I was doing some SEO research and came across an article written by Chris Boggs that talks about the importance of SEO when building a site. Specifically, how search engine optimization needs to be part of the build plan and not an afterthought for when the site is launched.
If SEO is done after a site is launched, it can actually present more problems than if you were to do it at the front end of development. Reason being, you may have to make many tweaks to your site's code to handle the changes you want/need to make. This can also lead to an ugly looking site.
We've done search engine optimization on some sites where SEO was done post-launch. After auditing a particular site we proposed numerous changes to optimize the site which cost the client a decent sum. This cost could've been avoided in two ways:
1. SEO up front: if you don't have in-house SEO, hire a consultant or firm to be part of the site build team
2. Choose the right CMS or Ecommerce platform: Right off the bat, the client could've saved money by choosing the right content management system (CMS). There are numerous CMS options out there so you should carefully analyze each option before choosing one that best fits your needs.

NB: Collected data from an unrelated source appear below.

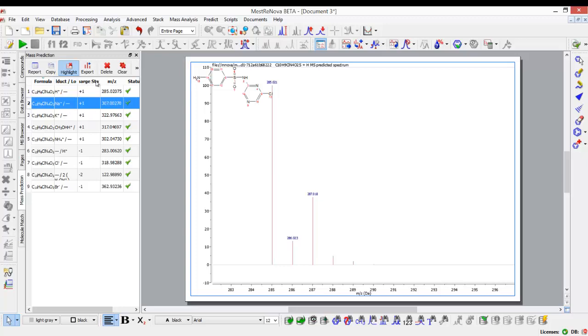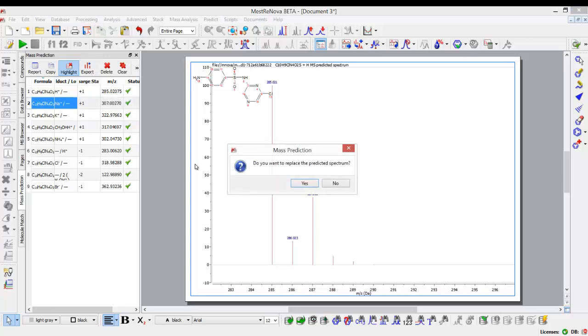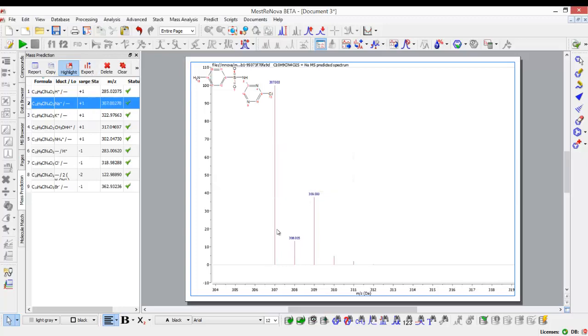And again, the same would happen if, for example, I want to look at the sodium instead of the protonated compound. Here, as you can see, I get an isotope cluster which has a mass 22 units higher than the previous one.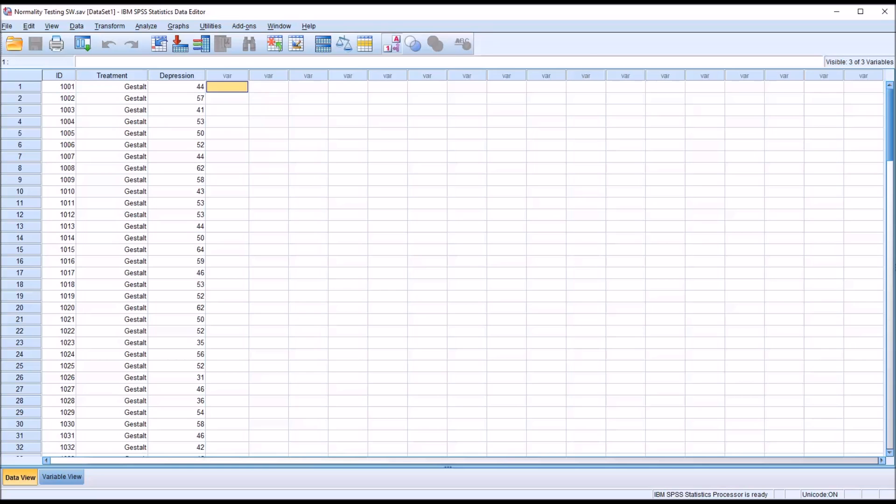Hello, this is Dr. Grande. Welcome to my video on using the Shapiro-Wilk test of normality to test the normality of a dependent variable across all the levels of an independent variable.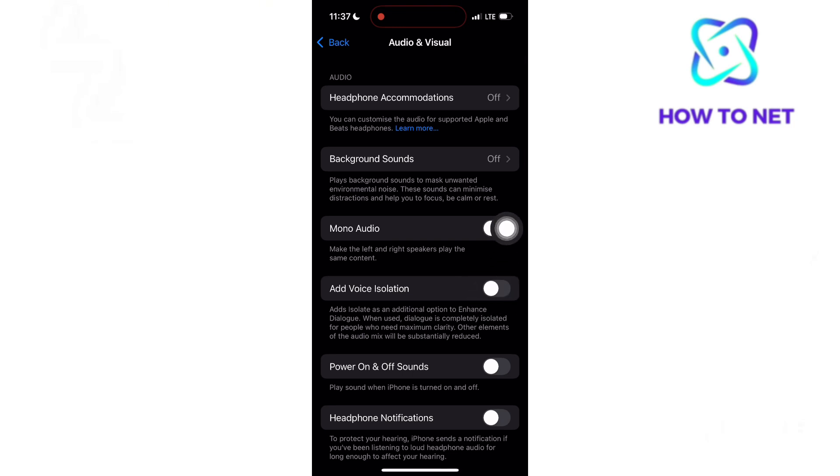This is also useful for professional calls, ensuring a more polished communication experience and improving clarity for both parties. That's how easy it is to turn on voice isolation on iPhone.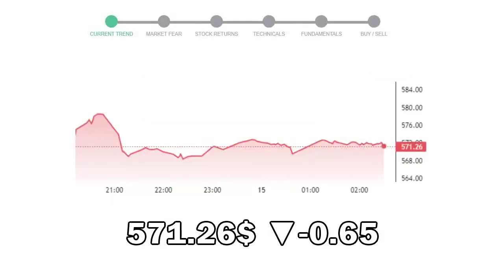Thermo Fisher closed at $571.26, with a decrease of negative 0.65% in the last trading session.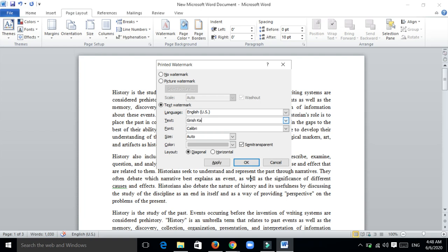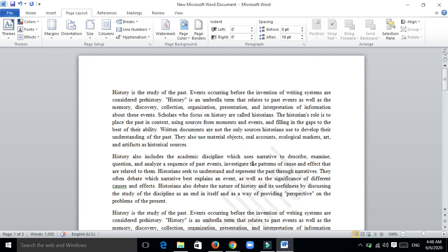Just type that and keep the size as auto. Color here is semi-transparent gray chosen by default, and layout is diagonal. Click on OK.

Our site build process includes SEO on the front end and is a major component of the build plan. SEO presents the best ROI over the long term and if you're not ranking well for your business critical terms then what's the point of the site? Seriously! It's like a store without a sign...you exist, but, no one knows who you are or what you do.
When we do an ecommerce implementation, we use Magento and it is a great platform for SEO. Some of the things we like about it for SEO:
- Each page can be customized with unique meta data, page title and URL. Sounds simple, but, you'll be surprised how many sites don't have this
- Dynamic Sitemaps: the platform will create sitemaps for Google and the site itself. When you add/delete a page the sitemap is automatically updated
- Tags: a customer can organize their shopping experience with product tags. Sally might browse a selection of couches for her living room and might tag them as 'living room couches.' This creates a tag associated with those products and not only can she see that tag...you and the search engines can see it. The more that tag is used, the bigger it gets and eventually it'll get an H1 tag
- Popular Search: this simple, but, very useful feature aggregates all site searches onto one page for visitors and search engines alike to view. What does this mean for SEO? It means you get a page with a bunch of links and great anchor text leading to products. Again, the more often that term is searched the bigger it'll get. Here's an example from Bruges Home
- Add content to category/sub-category pages. To maximize this, develop unique and descriptive copy that targets a couple key terms
There are several other features that can be leveraged to maximize a site's search engine performance, but, the key thing is to make SEO a priority on the front end. If you do this, you'll have a better site, you'll save money and you'll get more organic traffic.